### What is being asked
Leave out every line before the one containing "Fotballag som står sammen i ring på banen.", and set down that line and the rest through the end of the listing exactly.

### Input data
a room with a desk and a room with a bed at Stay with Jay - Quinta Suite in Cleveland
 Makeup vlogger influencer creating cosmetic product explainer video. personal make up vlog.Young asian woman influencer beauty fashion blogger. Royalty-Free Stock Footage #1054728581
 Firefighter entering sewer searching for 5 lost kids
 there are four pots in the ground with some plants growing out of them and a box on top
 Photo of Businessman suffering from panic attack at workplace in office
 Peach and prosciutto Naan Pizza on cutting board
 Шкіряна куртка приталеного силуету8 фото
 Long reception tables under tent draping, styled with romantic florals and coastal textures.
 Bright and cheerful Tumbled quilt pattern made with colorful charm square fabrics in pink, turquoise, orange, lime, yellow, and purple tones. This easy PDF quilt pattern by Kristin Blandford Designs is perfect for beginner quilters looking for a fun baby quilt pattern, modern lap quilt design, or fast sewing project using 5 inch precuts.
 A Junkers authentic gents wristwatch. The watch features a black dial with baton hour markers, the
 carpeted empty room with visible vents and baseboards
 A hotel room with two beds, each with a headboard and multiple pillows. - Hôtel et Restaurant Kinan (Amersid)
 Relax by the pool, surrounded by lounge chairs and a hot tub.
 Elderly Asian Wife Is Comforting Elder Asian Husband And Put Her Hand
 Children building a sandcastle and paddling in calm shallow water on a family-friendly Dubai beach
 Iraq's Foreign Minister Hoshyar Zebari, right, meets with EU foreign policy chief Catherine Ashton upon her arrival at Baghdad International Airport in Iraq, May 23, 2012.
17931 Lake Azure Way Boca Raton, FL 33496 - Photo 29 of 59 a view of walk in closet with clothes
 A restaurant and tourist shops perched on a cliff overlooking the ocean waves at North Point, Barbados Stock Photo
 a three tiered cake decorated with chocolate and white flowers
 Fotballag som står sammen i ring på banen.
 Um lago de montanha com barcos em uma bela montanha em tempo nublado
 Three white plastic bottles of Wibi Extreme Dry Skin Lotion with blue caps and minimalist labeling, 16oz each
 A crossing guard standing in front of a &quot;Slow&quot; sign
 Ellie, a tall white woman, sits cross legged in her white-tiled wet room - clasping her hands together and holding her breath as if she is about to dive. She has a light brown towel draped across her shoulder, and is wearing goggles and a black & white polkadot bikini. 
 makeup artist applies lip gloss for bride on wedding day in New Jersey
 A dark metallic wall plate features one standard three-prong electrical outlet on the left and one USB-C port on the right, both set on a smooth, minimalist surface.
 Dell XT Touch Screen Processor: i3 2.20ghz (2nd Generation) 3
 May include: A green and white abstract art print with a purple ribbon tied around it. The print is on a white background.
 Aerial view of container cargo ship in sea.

### Solution for this exercise
 Fotballag som står sammen i ring på banen.
 Um lago de montanha com barcos em uma bela montanha em tempo nublado
 Three white plastic bottles of Wibi Extreme Dry Skin Lotion with blue caps and minimalist labeling, 16oz each
 A crossing guard standing in front of a &quot;Slow&quot; sign
 Ellie, a tall white woman, sits cross legged in her white-tiled wet room - clasping her hands together and holding her breath as if she is about to dive. She has a light brown towel draped across her shoulder, and is wearing goggles and a black & white polkadot bikini. 
 makeup artist applies lip gloss for bride on wedding day in New Jersey
 A dark metallic wall plate features one standard three-prong electrical outlet on the left and one USB-C port on the right, both set on a smooth, minimalist surface.
 Dell XT Touch Screen Processor: i3 2.20ghz (2nd Generation) 3
 May include: A green and white abstract art print with a purple ribbon tied around it. The print is on a white background.
 Aerial view of container cargo ship in sea.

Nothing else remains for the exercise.